Il ne me viendrait jamais à
l'idée ni d'en adopter ni d'en monter un. J'aime seulement les
regarder. C'est la même chose pour mes deux autres sujets
d'intérêt. Je me plais à regarder les avions; je fréquente parfois
les petits aéroports pour le simple plaisir de les regarder. Je fréquente
aussi l'espace public.
De ces trois sujets d'intérêt ni
les avions ni les chevaux ne m'ont jamais causé de problème. Je
n'entend ni les piloter ni les monter. Je me contente de
regarder l'inventaire. Le plus beau compliment que j'aie fait à
une femme c'est de lui dire qu'elle est belle comme un avion.

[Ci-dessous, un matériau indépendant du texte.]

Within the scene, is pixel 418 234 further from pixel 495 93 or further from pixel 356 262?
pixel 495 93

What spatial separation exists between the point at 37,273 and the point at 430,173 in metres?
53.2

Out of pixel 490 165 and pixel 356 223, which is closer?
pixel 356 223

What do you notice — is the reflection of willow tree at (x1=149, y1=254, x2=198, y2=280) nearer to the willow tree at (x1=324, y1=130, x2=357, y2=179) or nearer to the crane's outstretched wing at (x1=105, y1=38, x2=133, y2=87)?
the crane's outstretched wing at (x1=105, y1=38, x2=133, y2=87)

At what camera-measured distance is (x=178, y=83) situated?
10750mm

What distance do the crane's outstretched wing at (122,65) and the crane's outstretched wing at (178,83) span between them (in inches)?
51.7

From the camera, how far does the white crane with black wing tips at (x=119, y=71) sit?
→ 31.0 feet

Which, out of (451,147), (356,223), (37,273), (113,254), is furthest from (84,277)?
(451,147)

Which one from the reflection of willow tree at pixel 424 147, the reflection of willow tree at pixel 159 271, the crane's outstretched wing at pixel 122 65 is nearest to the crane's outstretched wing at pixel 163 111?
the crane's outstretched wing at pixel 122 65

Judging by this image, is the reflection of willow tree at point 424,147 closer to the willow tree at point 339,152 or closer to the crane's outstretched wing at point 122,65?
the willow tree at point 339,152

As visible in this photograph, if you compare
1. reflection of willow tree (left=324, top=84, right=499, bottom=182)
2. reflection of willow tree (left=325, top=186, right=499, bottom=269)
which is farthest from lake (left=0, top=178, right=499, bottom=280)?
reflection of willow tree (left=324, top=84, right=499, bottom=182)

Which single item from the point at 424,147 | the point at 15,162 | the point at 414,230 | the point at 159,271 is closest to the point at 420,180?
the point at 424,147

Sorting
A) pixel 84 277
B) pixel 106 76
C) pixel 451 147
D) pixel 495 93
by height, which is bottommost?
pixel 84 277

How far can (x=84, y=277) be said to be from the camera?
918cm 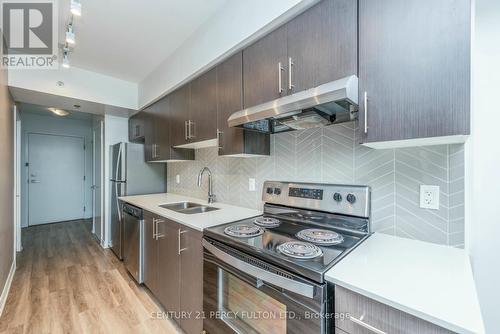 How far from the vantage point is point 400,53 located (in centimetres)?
95

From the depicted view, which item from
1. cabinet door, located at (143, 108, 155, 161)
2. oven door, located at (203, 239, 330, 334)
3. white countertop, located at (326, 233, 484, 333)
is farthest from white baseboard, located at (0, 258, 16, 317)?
white countertop, located at (326, 233, 484, 333)

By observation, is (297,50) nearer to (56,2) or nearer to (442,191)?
(442,191)

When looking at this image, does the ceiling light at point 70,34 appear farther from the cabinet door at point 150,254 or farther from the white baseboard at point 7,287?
the white baseboard at point 7,287

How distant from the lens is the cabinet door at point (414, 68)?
0.83m

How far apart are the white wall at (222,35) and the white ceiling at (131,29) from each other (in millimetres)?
96

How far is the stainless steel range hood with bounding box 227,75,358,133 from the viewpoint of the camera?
1021 millimetres

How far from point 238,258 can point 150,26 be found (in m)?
2.17

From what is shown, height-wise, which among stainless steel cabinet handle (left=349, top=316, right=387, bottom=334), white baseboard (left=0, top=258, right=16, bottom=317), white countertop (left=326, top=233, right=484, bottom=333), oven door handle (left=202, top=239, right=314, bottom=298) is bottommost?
white baseboard (left=0, top=258, right=16, bottom=317)

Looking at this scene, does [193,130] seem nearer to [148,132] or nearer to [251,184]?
[251,184]

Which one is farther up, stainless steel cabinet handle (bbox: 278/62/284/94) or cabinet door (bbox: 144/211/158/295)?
stainless steel cabinet handle (bbox: 278/62/284/94)

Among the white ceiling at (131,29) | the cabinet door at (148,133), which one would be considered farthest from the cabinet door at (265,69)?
the cabinet door at (148,133)

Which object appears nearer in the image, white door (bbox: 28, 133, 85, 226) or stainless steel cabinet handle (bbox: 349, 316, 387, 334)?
stainless steel cabinet handle (bbox: 349, 316, 387, 334)

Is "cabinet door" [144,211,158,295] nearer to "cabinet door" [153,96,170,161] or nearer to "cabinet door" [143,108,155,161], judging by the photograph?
"cabinet door" [153,96,170,161]

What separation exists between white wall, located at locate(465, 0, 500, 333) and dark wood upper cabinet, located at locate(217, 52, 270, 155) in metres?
1.29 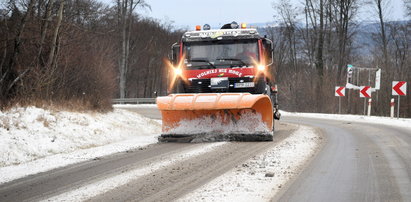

Pour me calmer, quand je regarde
une femme, j'aime me rappeler le plaisir que j'ai à regarder les
chevaux. Mon vocabulaire hippique étant limité, je me suis trouvé
un lexique illustré des races de chevaux. Il y avait, déjà, bien
sûr, les pouliches et les picouilles.
je croise désormais des
Percheron, des
Appaloosa,
des
Camargais, des
juments cabrées sur le capot d'une voiture rouge
et des
poneys pas plus grands que ça. Ça
m'évite de les considérer avec trop de convoitise car je n'ai
jamais envisagé vivre dans une écurie.